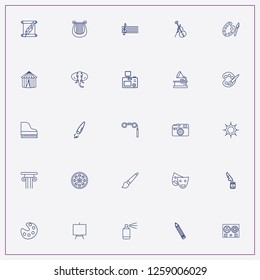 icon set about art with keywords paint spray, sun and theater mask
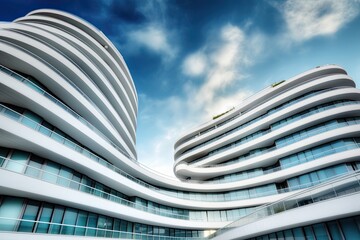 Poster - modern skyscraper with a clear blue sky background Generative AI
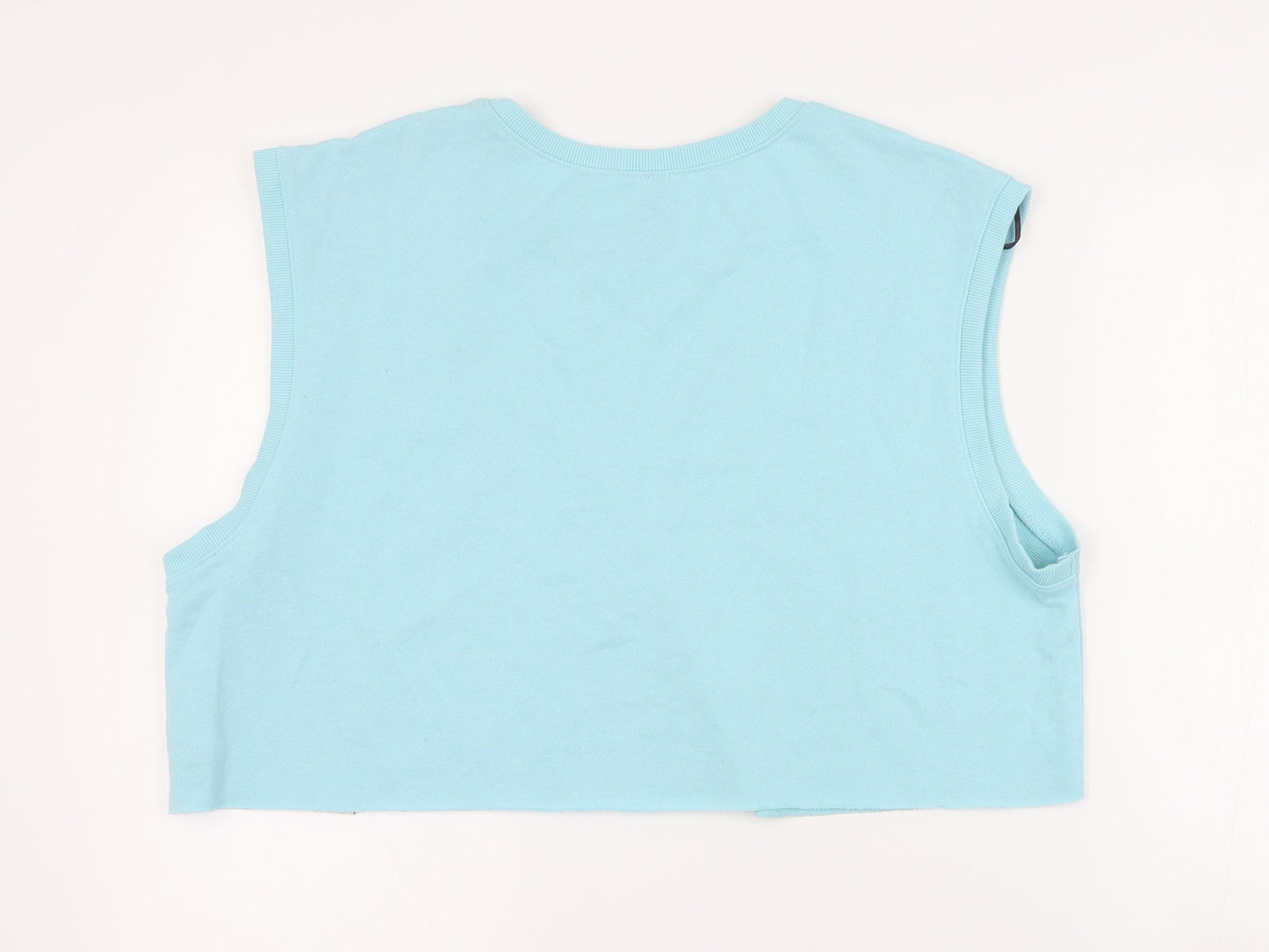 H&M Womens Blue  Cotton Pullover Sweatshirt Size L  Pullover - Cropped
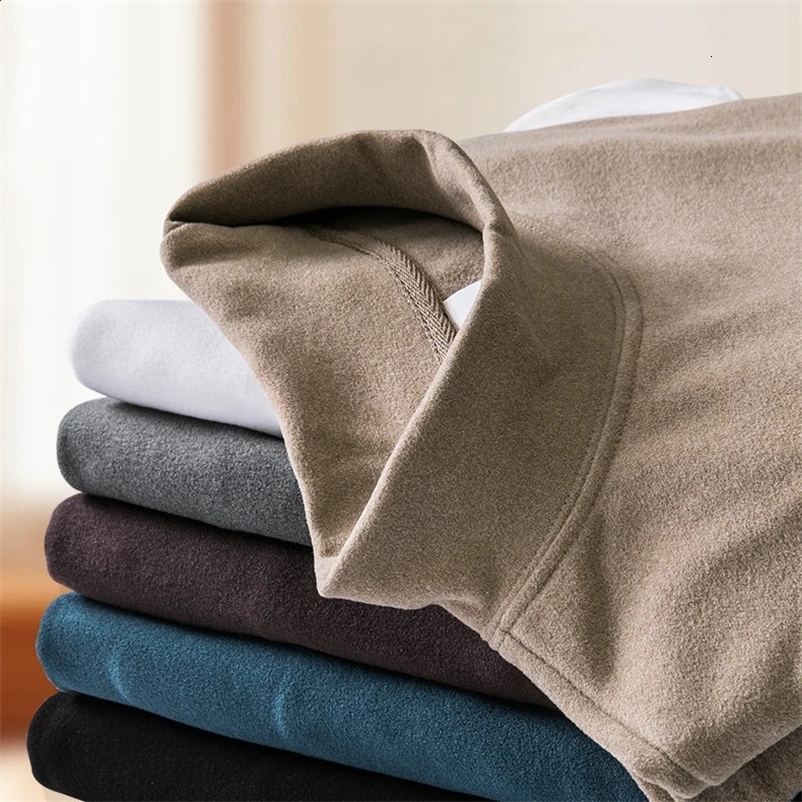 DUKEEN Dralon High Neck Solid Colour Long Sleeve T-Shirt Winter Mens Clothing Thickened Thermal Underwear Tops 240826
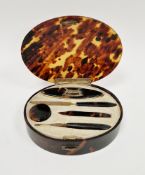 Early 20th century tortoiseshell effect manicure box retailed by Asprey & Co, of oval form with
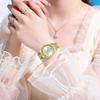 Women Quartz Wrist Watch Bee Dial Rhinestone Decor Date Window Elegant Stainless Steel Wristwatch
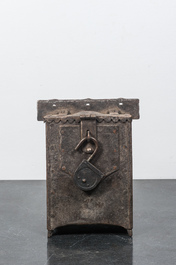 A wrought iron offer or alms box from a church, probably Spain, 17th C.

──────────

ACTION ITEM
Your answer must be the lines from the one holding "DUKEEN Dralon High" through the final line of the records above, exactly as written and without any pictures.

ANSWER TO THIS EXERCISE
 DUKEEN Dralon High Neck Solid Colour Long Sleeve T-Shirt Winter Mens Clothing Thickened Thermal Underwear Tops 240826
 Early 20th century tortoiseshell effect manicure box retailed by Asprey & Co, of oval form with
 Women Quartz Wrist Watch Bee Dial Rhinestone Decor Date Window Elegant Stainless Steel Wristwatch
 A wrought iron offer or alms box from a church, probably Spain, 17th C.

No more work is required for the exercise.